Le elezioni del 25 settembre hanno dato l’esito atteso di una maggioranza delle destre nel parlamento autoridotto dai tagli e indebolito da trent’anni tondi di antipolitica. Le destre, è vero, non sono maggioranza nel Paese e non hanno davanti un percorso in discesa. Governeranno. E dovranno fare i conti con la distanza tra le promesse elettorali e la fatica del governare. È un bene se produrrà una crescita della cultura di governo anche in quel campo, è un rischio se si trasformerà nella ennesima disillusione verso la Politica.

Il rischio è alto e completa un quadro che vede dal 1992 un processo di disincanto e disimpegno, figlio di un meccanismo pericoloso che ha portato le scelte politiche lontane da un confronto sulla visione del mondo e la capacità di riconoscere e rappresentare interessi contrapposti di categorie sociali ed aree diverse del Paese, e le ha piuttosto via via ingaggiate sulla novità del momento, su improbabili palingenesi rigenerative. La crisi delle democrazie è profonda e quasi universalmente distribuita. La maggior parte delle donne e degli uomini che abitano il pianeta sono oggi governati da dittature. Il vento dell’89 che sembrava soffiare da ovest ad est portando con sé libertà crescenti e allargamento dei diritti ha cambiato direzione, e la riduzione delle garanzie del lavoro, delle forme di partecipazione, della perdita di capacità culturale e di diffusione degli strumenti critici è diventata dominante. Il diritto alla conoscenza.

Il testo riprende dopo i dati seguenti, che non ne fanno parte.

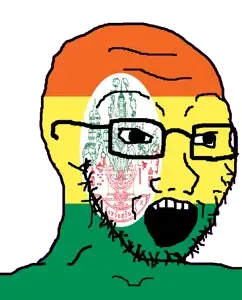 soyak, 1soyjak, airavata, animal, bald, building, elephant, flag, garuda, glasses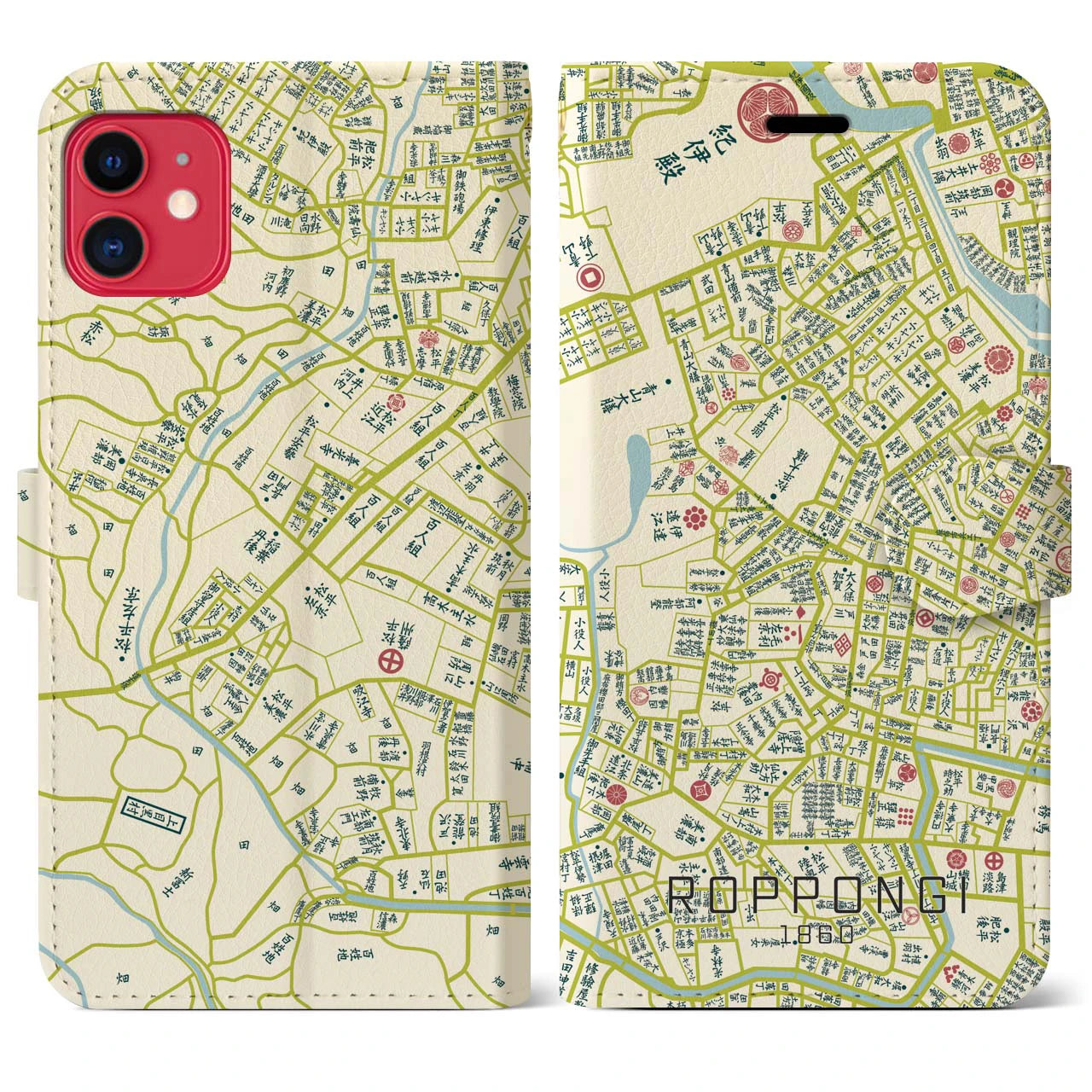 【六本木1860】地図柄iPhoneケース(手帳両面タイプ・ナチュラル)iPhone 11 用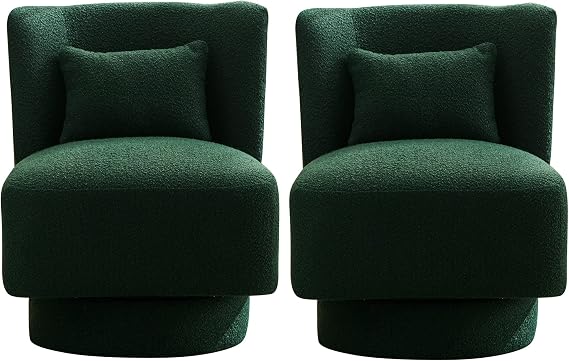Modern Boucle Upholstered Accent Swivel Barrel Chair, Armless Leisure Club Lounge Chair with Swivel Wood Base, Reading Chair for Living Room, Bedroom, Home Office (2pcs Chair, Green)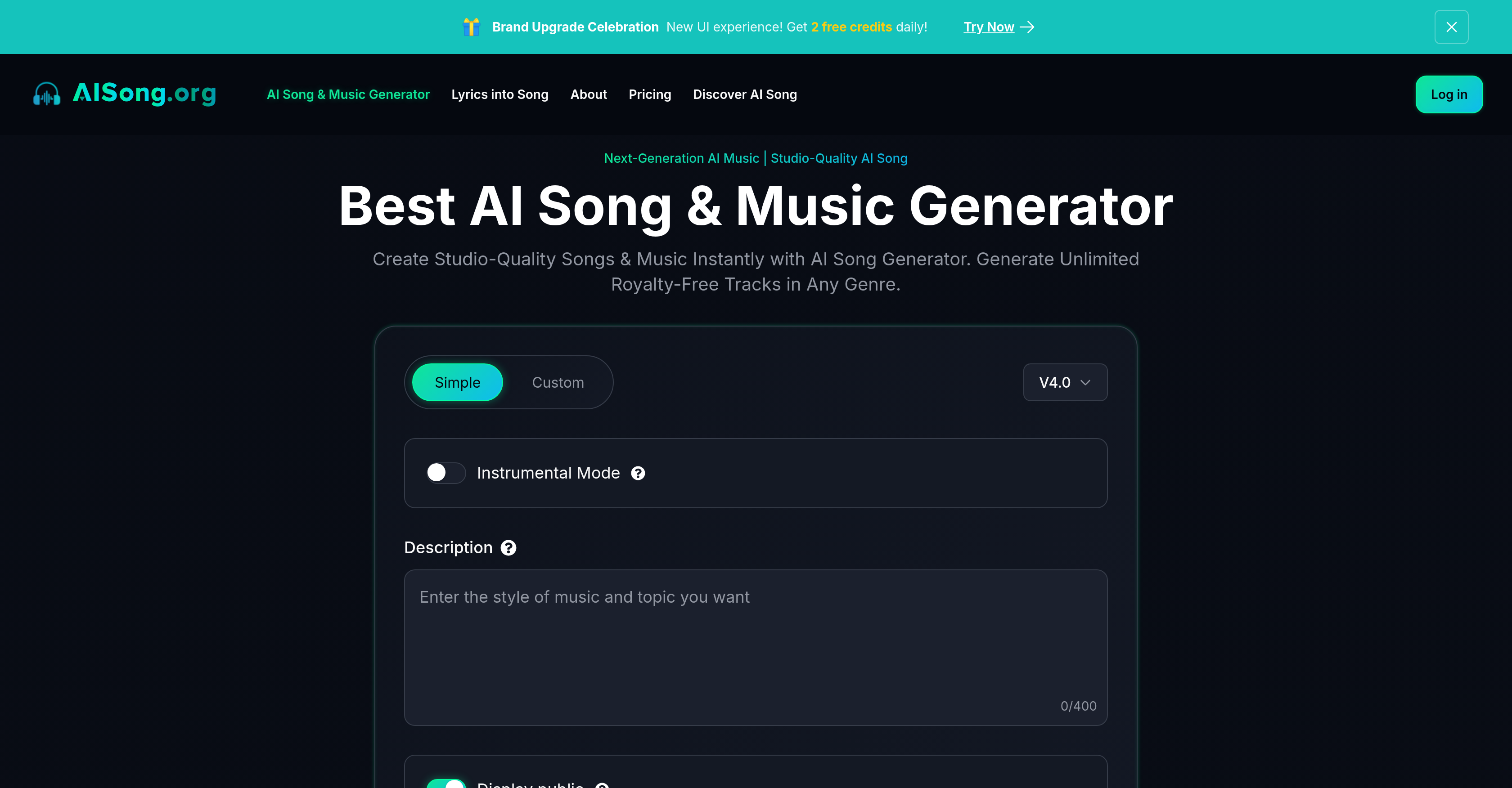 AI Song.org - Screenshot showing the interface and features of this AI tool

È in questo contesto che si inserisce la riflessione su come dovrebbe muoversi il Partito Democratico dopo l’esperienza della lista progressista e a seguito della formalizzazione delle dimissioni da parte del segretario. Innanzitutto dovrebbe darsi le condizioni per un congresso. Alla sua nascita il Pd ha scelto la via innovativa delle primarie per provare a rompere le barriere crescenti di una distanza tra politica, partito e cittadini, e contrastare la riduzione degli iscritti che privava il meccanismo tradizionale dei congressi di quel coinvolgimento di massa che dava significato e forza ai grandi partiti popolari del Novecento. Ma le primarie funzionano nell’imminenza di una secondaria, misurano il consenso popolare di una proposta politica incarnata da una figura rappresentativa, possono essere un sistema di scelta tra diverse sfumature dell’azione politica e di misurazione del consenso di questa o di quell’altra linea.

La situazione attuale è diversa e chiederebbe lo sforzo di un percorso che vada più in profondità, che prima di definire le figure definisca i fondamentali e anche nuove regole interne sui meccanismi di rappresentanza. E affronti il nodo di una dimensione europea dell’organizzazione della politica e della discussione politica, nella direzione di un partito dei progressisti e dei democratici europei che possa coinvolgere milioni di donne e di uomini nel confronto comune di portata almeno continentale sulle regole del lavoro, sui modelli di sviluppo, sulle fondamentali azioni per la mitigazione della crisi climatica, sui grandi orizzonti delle alleanze internazionali, della guerra, della pace, dei diritti umani nel mondo, sulla vicinanza alle persone che soffrono la privazione della libertà in Afghanistan come in Iran, in Cina come in Venezuela e sulle azioni che la comunità internazionale può mettere in campo.

Nel contesto nazionale infine, con l’inaugurazione del nuovo Parlamento e in vista della formazione del Governo serve subito un coordinamento delle forze dell’opposizione che individuino pochi temi fondamentali su cui battersi in modo coeso e mostrare un’alternativa possibile, non pregiudiziale, alle azioni del Governo. Gioverebbe la costituzione di un Governo ombra che incarni questa alternativa e mostri la possibilità concreta di altre strategie per affrontare i problemi del Paese. Partendo dal tema dei temi: l’investimento culturale, la forma nuova di una democrazia che sia capace di coinvolgere ed entusiasmare. Sorprendere, stupire, evitare le liturgie e buttare il cuore oltre l’ostacolo. Fare Politica.